Çağdaşlaşmaya Yönelik İlk Atılımlar: Fes Yerine Şapka!
"Bunun adına şapka derler!" (Kastamonu, Ağustos 1925)

Atatürk’ün birbiri arkasına giriştiği devrim hareketlerine yöneltilen en büyük eleştirilerden biri bunların birer üst yapı devrimi olup köklü değişiklikler ya da dönüşümler sağlayamadığıdır. Bu savı desteklemek için de genelde fes yerine şapka giymekle, hicri takvim yerine miladi takvim’in, alaturka saat yerine alafranga saatin, okka ve arşın gibi ağırlık ve uzunluk birimleri yerine kilogram ve metre’nin alınmasıyla bireylerin yalnızca dış görünüşlerinin, kullandıkları ölçülerin değiştiği, düşünce ve dünya görüşlerinde bir dönüşümün gerçekleşmediği öne sürülmektedir. Salt bu açıdan bakıldığında bu tür eleştirilerde pek az oranda da olsa gerçek payının olduğu yadsınamaz. Ancak devrim denen bütünün oluşmasında ana öğeleri birleştirmede etken olan bu değişikliklerin ülke düzeyinde birlik ve beraberlik, uluslarası düzeyde de bir uyum sağladıklarını ve aslında ilişkili oldukları öğelerin dışa yansıması olduklarını kabul etmek gerekir. Örneğin şapka giyilmesinin zorunlu kılınması, yalnızca dış görünüşü değiştirmek için yapılmamıştı. Bu girişimle her şeyden önce kutsal sayılan sarık’ın hiç de dinsel bir özelliği bulunmadığını ve Atatürk’ün vurguladığı gibi bilimin, şeriat’ın sarığa bağlı olmadığını kanıtlayarak laik düşünceyi ve dünya görüşünü pekiştirmek amaçlanmıştı. Saat, takvim ve uzunluk, ağırlık ölçülerinin değiştirilmesi ile de öncelikle ülkedeki farklı uygulama karmaşasını ortadan kaldırmak ve aynı zamanda çağdaş hayata uyum sağlamak hedeflenmişti. Dolayısıyla, çok önemli devrimsel dönüşümlerin yanında bunlar da kendilerinden beklenen işlevleri yerine getirmişlerdi.
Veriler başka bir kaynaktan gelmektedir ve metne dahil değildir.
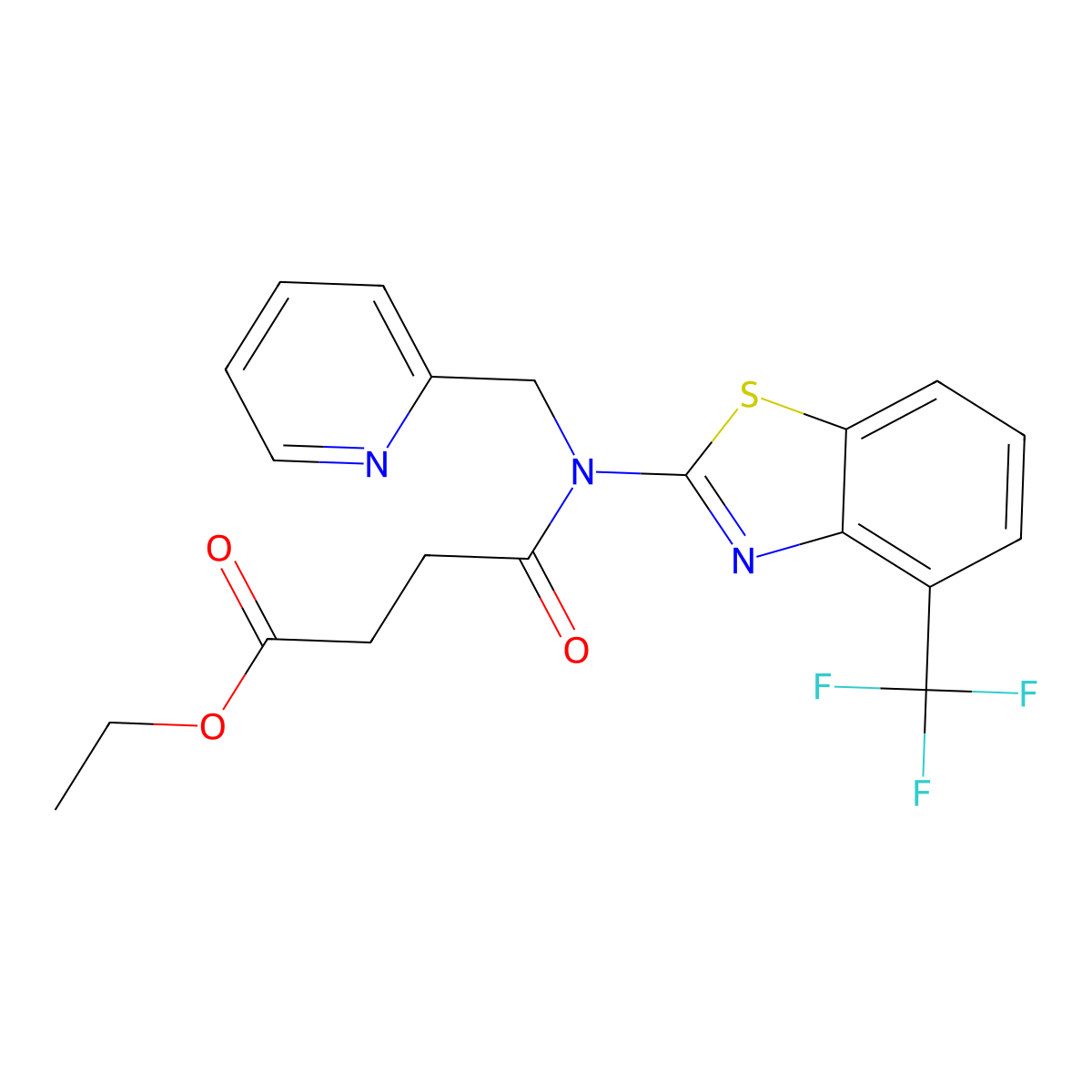 Ethyl 4-oxo-4-((pyridin-2-ylmethyl)(4-(trifluoromethyl)benzo[d]thiazol-2-yl)amino)butanoate molecular structure, CAS 1396773-59-3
İçteki siyasal ve toplumsal dalgalanmalar, dışta karşılaşılan sorunlar ne denli büyük olursa olsun devrimi tamamlamada kararlı olan Atatürk, bu sıkıntıların yaşandığı 1925-1928’li yıllarda birbiri arkasına atılımlarda bulunmaktan geri kalmamıştı. İçte Şeyh Sait ayaklanmasının yankılarının sürdüğü, Terakkiperver Cumhuriyet Partisi ile ilişkilerin sertleştiği ve dışta Musul sorunu’nun çıkmaza girdiği bir dönemde şapka giyilmesi’ne ilişkin bir yasanın çıkartılması bunun en belirgin örneğini oluşturmaktadır.

-FES YERİNE ŞAPKA

Türklerin İslamiyeti kabul ederek İran üzerinden Anadolu’ya yerleşmeleri, giyim kuşamda büyük değişikliklere yol açmıştı. Bunlar şöyle özetlenebilir: Giyim malzemesi olarak kullanılan derinin yerini değişik dokumalar almıştı. Kadın ve erkek giyimleri farklılaşmıştı. Kadınlar için örtünme (tesettür) denen yeni bir etken, bir kavram ortaya çıkmıştı. İranlıların ve Arapların giysileri yaygınlık kazanmıştı. Kent ve kırsal kesim giyinmeleri giderek birbirinden ayrılmıştı. Devlet örgütlerinde tek tip elbise (üniforma) oranı artmıştı. Avrupa ile ilişkiler artınca da giyim kuşamda Batı etkisi görülmüştü.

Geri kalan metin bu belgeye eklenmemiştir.